Sean Kirst: For Arlene Abend, legendary Syracuse artist, a daughter’s quest to create a living memorial
Excerpt from Central Current
Great art is so often found behind red velvet ropes, fragile artifacts from another time that are too delicate to handle. For children, said Marguerite Mitchell, that frequent reality is defined by words they begin hearing almost as soon as they are mobile.
Look, but don’t touch.
Arlene Abend brought an entirely different ethic to her lessons at the Redhouse Arts Center, Mitchell said. For years, the great Syracuse sculptor was a dynamic instructor of children’s art classes. Mitchell, the organization’s director of education, said Arlene’s whole emphasis with kids was far more direct and intimate than simply teaching about works of art, as faraway examples.
Her lessons involved the knowledge that changed her own life, the transformative power of what those girls and boys could do with their own hands.
That message — a statement about her impact on the future, rather than a sad farewell — will be at the heart of a community memorial Wednesday for Arlene, who died last autumn.
“She was a ball of energy,” said Mitchell, who joined Redhouse executive director Franklin Fry in recalling how Arlene was a front row regular at every theatrical production held in the place. Her driving motivation with children was to “put a fire under them,” Mitchell said.

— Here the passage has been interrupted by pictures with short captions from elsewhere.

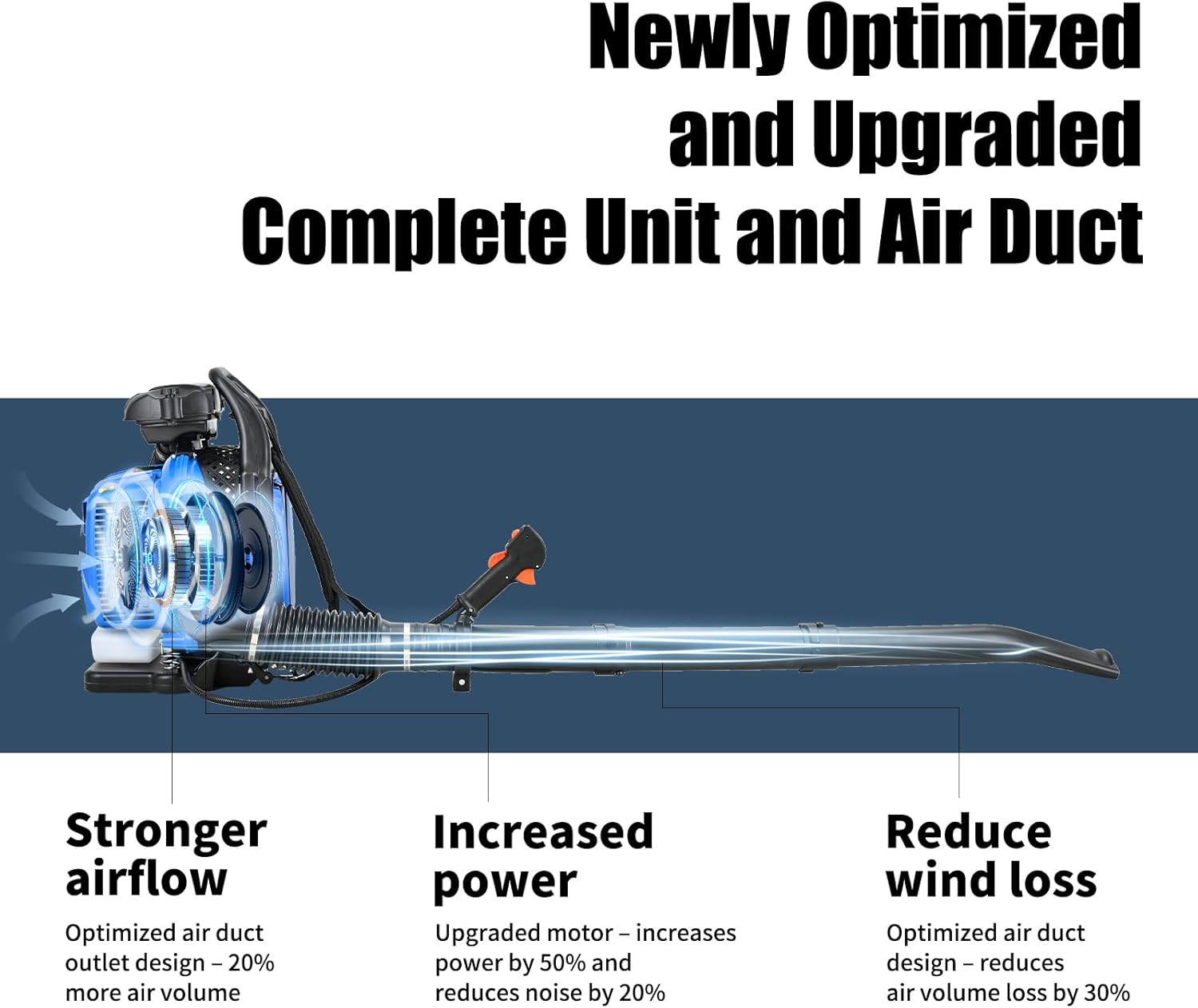 65CC Gasoline Powered Cordless Lightweight Leaf Blower 2-Stroke 3.8 HP 884CFM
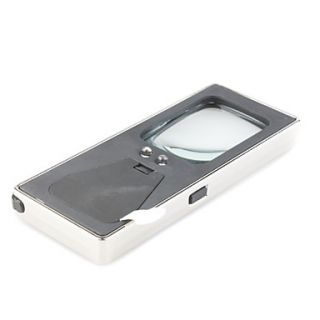 USD $ 5.59   Card Style Pocket 6X Magnifier with 4 LED Illuminated (3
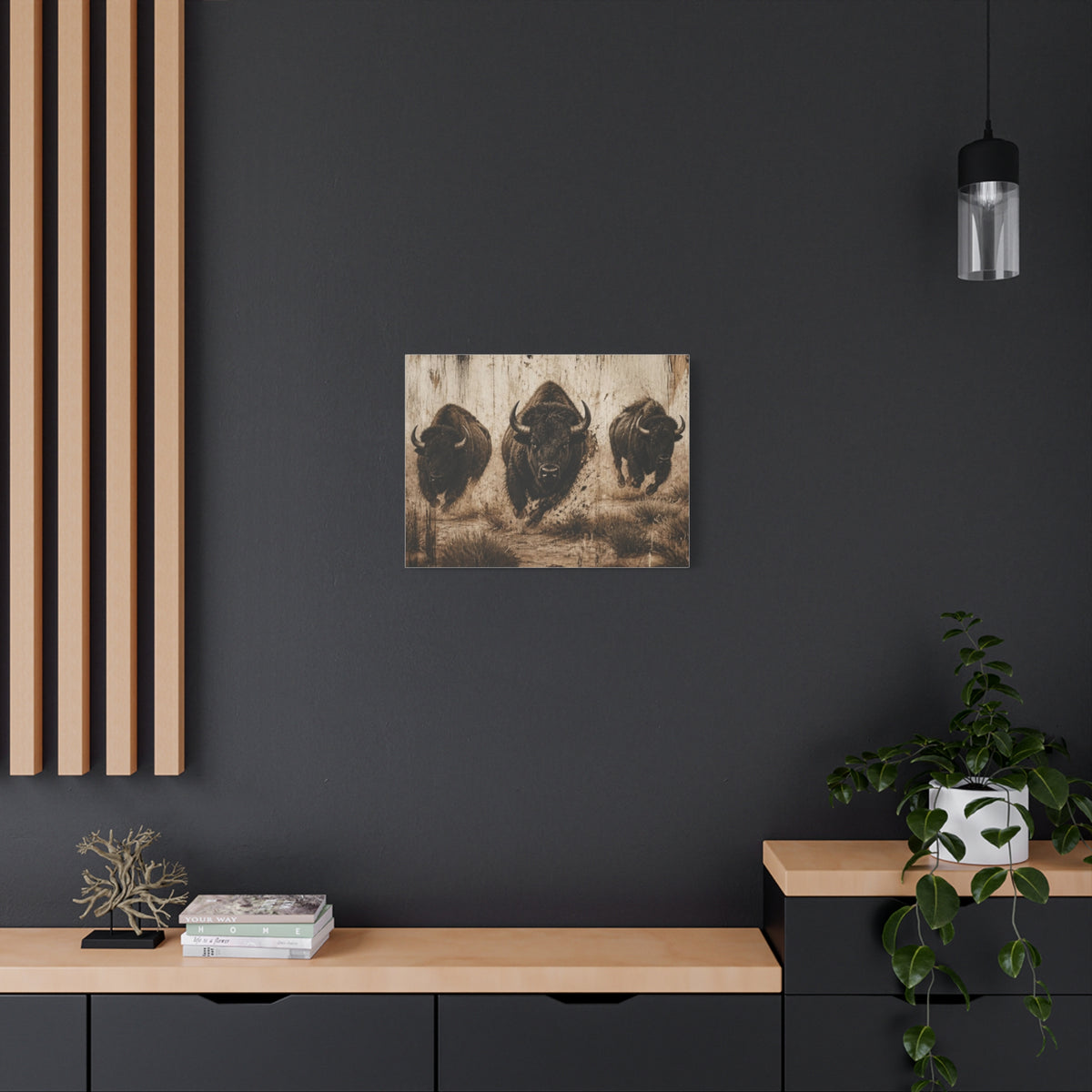 Running Bison Canvas Wall Art – Rustic Sepia Buffalo Trio Stretched Matte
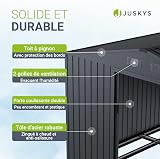 Juskys abri métallique XXL – Gris foncé, résistant aux intempéries avec Cadre de Fondation, Porte coulissante & verrouillable – pour Jardin & Stockage - 5
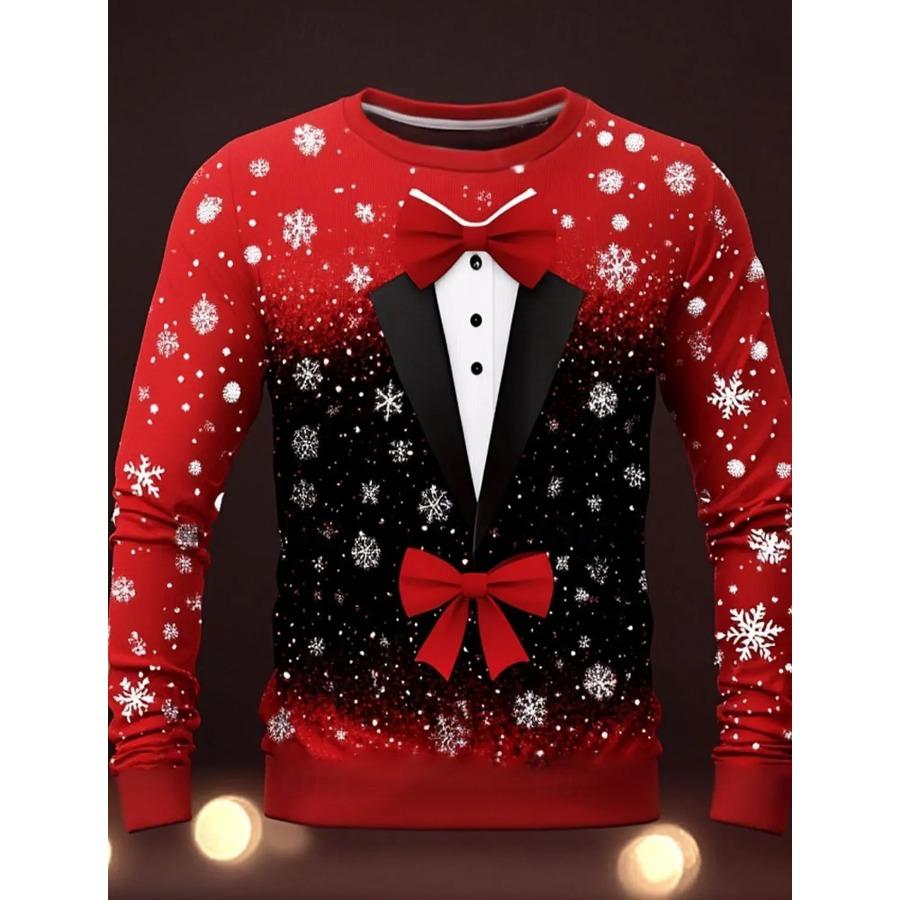 

Мужская футболка с круглым вырезом и принтом рождественской елки, снежинки, галстука-бабочки, 3D-принт, повседневная футболка на рождественскую тематику, красные топы с длинными рукавами M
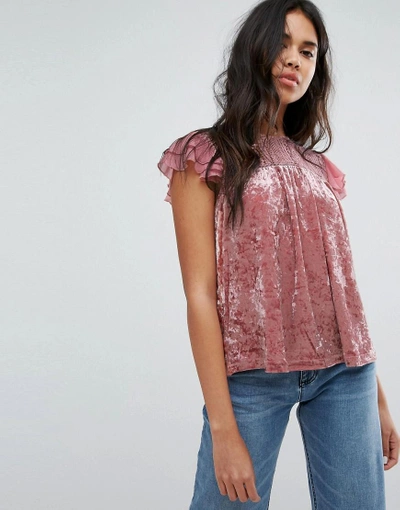 Shop Hazel Crushed Velvet Top With Lace Yolk - Pink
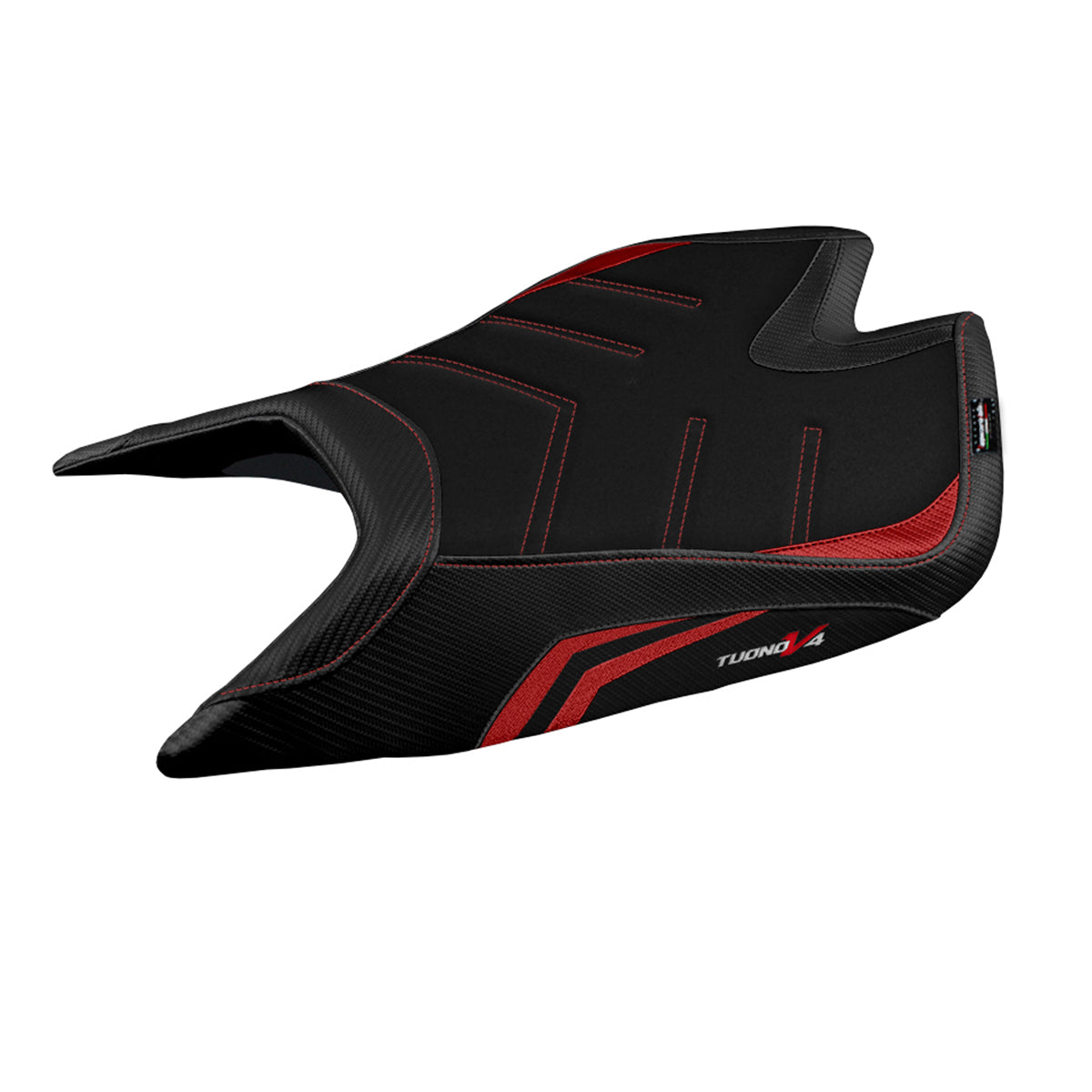 Funda de asiento Aprilia Tuono V4 Factory 2021-2025 Tappezzeria Italia TPZ Ultragrip en rojo y negro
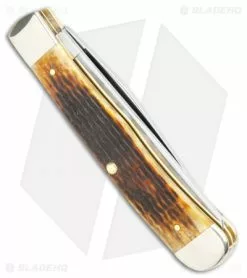 Case Cutlery Case Trapper Traditional Knife 4.125" Antique Corn Cob Jigged Bone (6254 SS) -Bladehq Knives Sales Case Trapper Traditional Antique Corn Cob Jigged Bone SS 27899 BHQ 107863 jr side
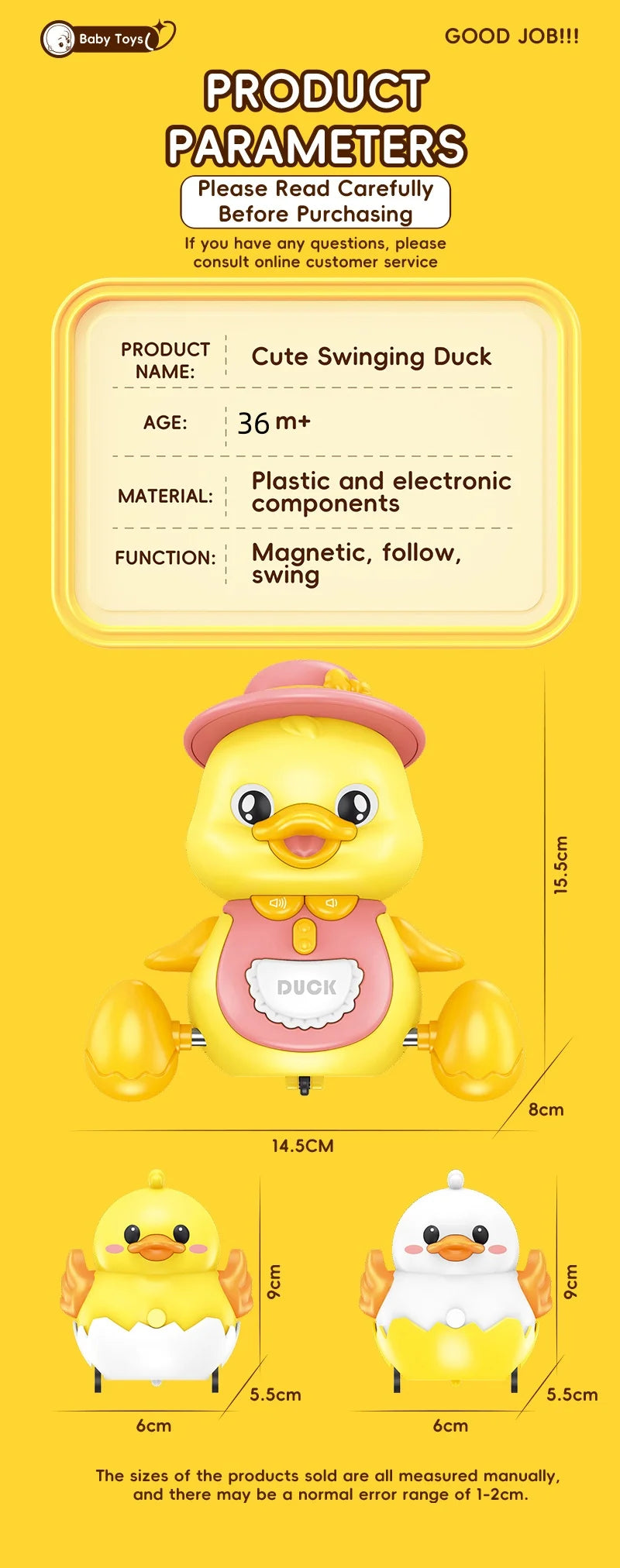 Musical Duck Toy Set with Lights and Sounds for Crawling Babies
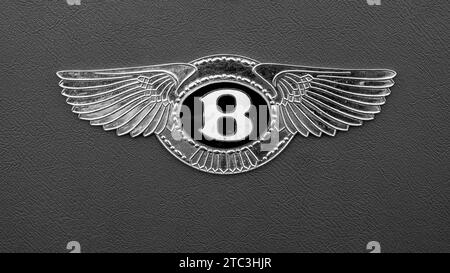 Logo Bentley Wings su sfondo in pelle Foto Stock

Arlene was particularly focused on helping them to “dream big,” inviting them to ask the same question every day that had changed her own life:
What if?
It was a question she brought with particular empathy to young women and girls, Mitchell said. Roughly 60 years ago, Arlene — who stood 5-foot-2 — embraced welding as a means of creating her art at a time when few women were working with a torch and heavy metals.